Daniela Gondim: Sem dúvida, há uma responsabilidade grande. É um privilégio fazer parte de um projeto com tanto reconhecimento internacional. Representar essa história, dar voz a essas vivências, é uma grande honra. Me sinto atravessada por essa narrativa e, ao mesmo tempo, comprometida com a forma como ela será recebida. Quero fazer jus à sua potência.
HBB – A obra também discute dor, abandono e resiliência feminina. Como você lida emocionalmente com essas temáticas tão sensíveis no seu processo de construção de personagem?
Daniela Gondim: Eu sou apoiadora e investidora de projetos sociais que trabalham com o resgate de mulheres em situações de vulnerabilidade. Já vi vidas sendo transformadas por meio desses trabalhos.

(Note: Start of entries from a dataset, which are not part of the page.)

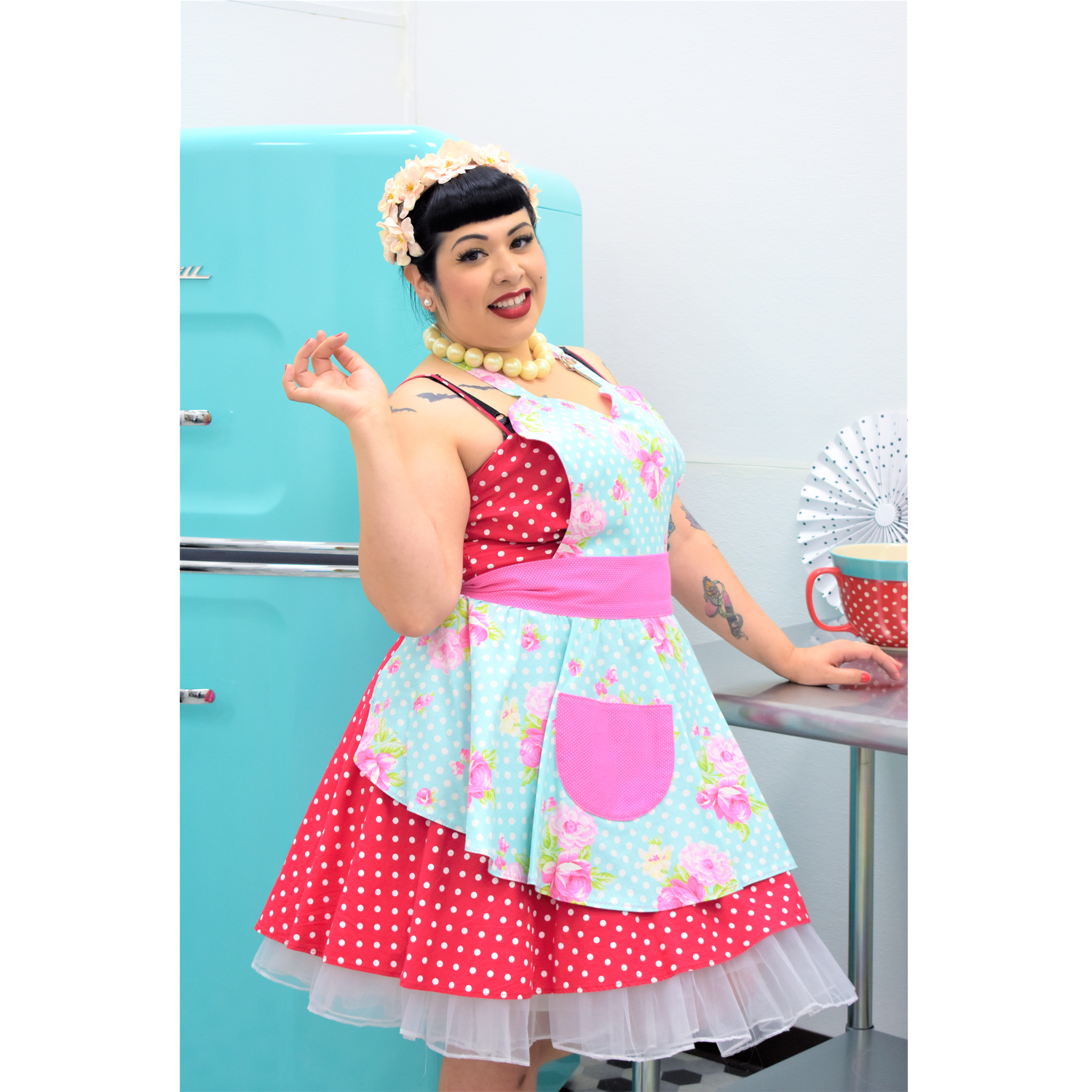 美品★Ameri ブラウス APRON LADY BLOUSE Ameri（アメリ）の「EMBROIDERY APRON BLOUSE（シャツ/ブラウス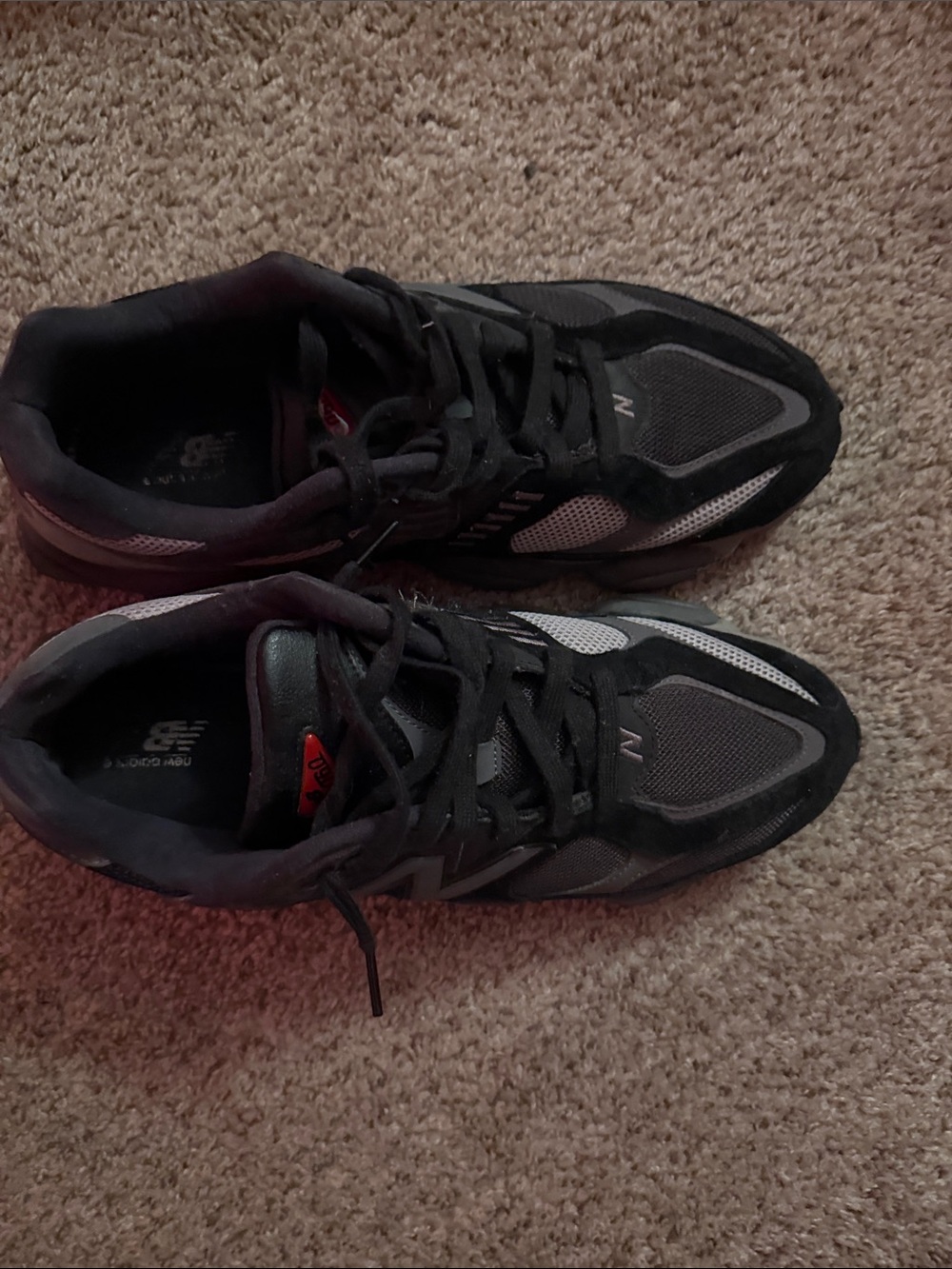 New Balance Men's Black and Gray Athletic Sneakers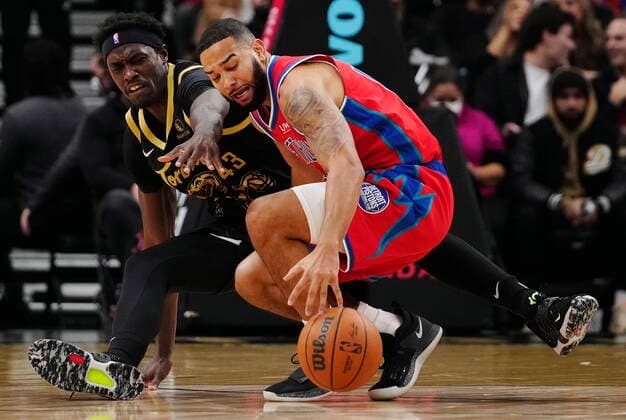 November 13, 2021, Toronto, ON, Canada: Toronto Raptors forward Pascal Siakam (43) and Detroit Pistons guard Cory Joseph (18) collide during first half NBA, Basketball Herren, USA basketball action in Toronto on Saturday, November 13, 2021. Canada News - November 13, 2021  - ZUMAc35_ 20211113_zaf_c35_054 Copyright: xFrankxGunnx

Acredito que contar essas histórias é essencial — mostrar que existe um caminho possível, de potência, onde essas mulheres podem se apropriar de suas vidas e narrativas. Para mim, esse é o verdadeiro poder feminino. E é essa a voz que quem tem poder e visibilidade deve ecoar.

Daniela Gondim – Foto: Divulgação
HBB – Além de Cannes, o que vem a seguir na sua carreira? Pode compartilhar outros projetos ou planos?
Daniela Gondim: Além do Festival de Cannes e meus estudos pessoais, me dedico à edição das minhas músicas autorais. Pretendo lançar um álbum até 2026. Quero que seja uma obra audiovisual — estou roteirizando e planejando clipes para todas as músicas. Para mim, música e imagem andam juntas. Quando escrevo, já imagino o filme da canção. Estou me organizando para reunir o elenco e gravar os videoclipes. É um processo criativo delicioso. Intenso. Esse desenvolvimento às vezes fica em segundo plano por conta dos projetos como atriz, mas gosto de circular entre as artes e perceber a múltipla artista que sou.
HBB – Por fim, o que você espera que o público internacional leve consigo ao entrar em contato com essa narrativa tão brasileira — e tão universal ao mesmo tempo?
Daniela Gondim: Estou levando para Cannes peças de roupas, bolsas e acessórios produzidos por projetos sociais com os quais colaboro. São feitos por mulheres que passaram por situações de vulnerabilidade. Tem bolsa feita com material reciclado, renda de bilro — um ponto típico do interior do Ceará que está desaparecendo porque as novas gerações não aprenderam a técnica. Tudo é feito por mulheres nordestinas. Quero que o público internacional veja isso: a potência da arte brasileira, especialmente a que vem de mulheres. É isso que quero mostrar: a beleza, a força, a história que existe em cada detalhe do que levamos ao mundo.